RICHMOND, Ky. — “Well, now if I were the President of this land

You know, I’d declare total war on the pusher man.

God damn the pusher.”

— Steppenwolf



Rudolph Giuliani wants to be president of the United States. He claims to be
tough on criminals.

In some cases, he is — unless the criminals hire him to be their lawyer.

The people who make OxyContin did something horrible: They sold a drug they
knew was addictive and acted like it wasn’t.

I thought the makers of OxyContin got off easy when they agreed to a $600
million fine. Three of their top executives paid an additional $34 million.
No jail time.

It was a wimpy settlement with a company that sold more than $9 billion of
OxyContin.

The reason for the government’s light touch was found in The Washington
Post. Rudolph Giuliani was a lawyer for the company that makes OxyContin.

The Post said that Giuliani personally met with government lawyers more than
half a dozen times.

The story gets more outrageous if you read the “The Blotter” blog by Brian
Ross of ABC News. Ross said Giuliani and his team have advised OxyContin’s
makers for the past five years.

According to Ross, Giuliani personally met with the head of the federal Drug
Enforcement Administration (DEA) when the DEA’s drug diversion office began
a criminal investigation into the company.

No wonder the OxyContin people got a sweetheart deal: Giuliani is not a guy
government bureaucrats want to mess with.

Imagine yourself as a government official and Rudolph Giuliani walks in to
negotiate with you.

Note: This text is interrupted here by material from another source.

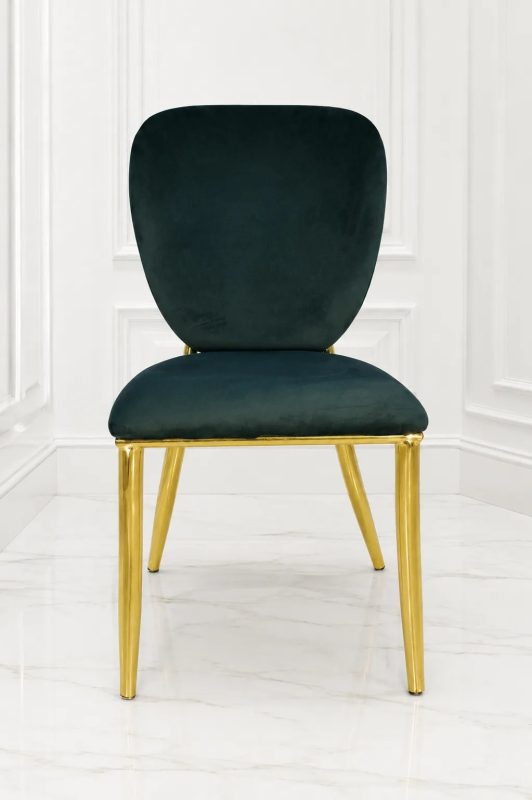 Luxury emerald green velvet dining chair with gold stainless steel legs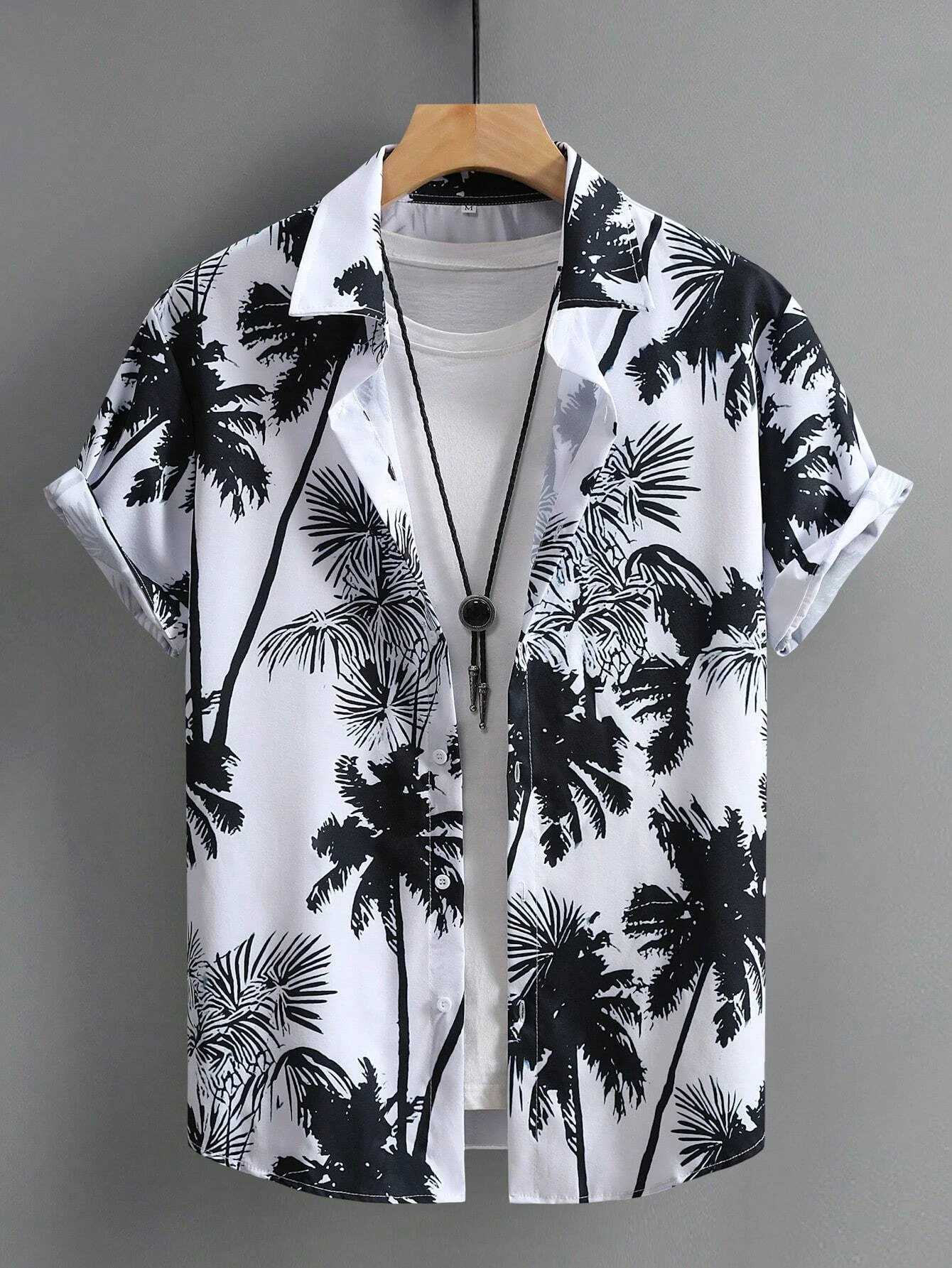 Hawaiian shirt mens printed casual thin beach ultra-thin fashion shirt high-quality luxury black social retro funny oversized clothing X250410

There is a very good chance Giuliani could soon be
president of the United States.

That means you are sitting across the table from a guy who might be your
boss.

If a front-runner for president of the United States wants a good deal, you
are going to think hard before you say no.

The OxyContin makers may not have strong morals, but they do have brains.
They hired one of the best lawyers money could buy.

The irony is that the old Rudolph Giuliani would have loved to have gone
after the OxyContin makers.

Rudy got his start as a federal prosecutor and liked to go after
white-collar types.

Here was the perfect situation for the old Rudy. You had a company that knew
its drug would make people addicts. The company officers devised a plan to
market OxyContin to as many people as possible.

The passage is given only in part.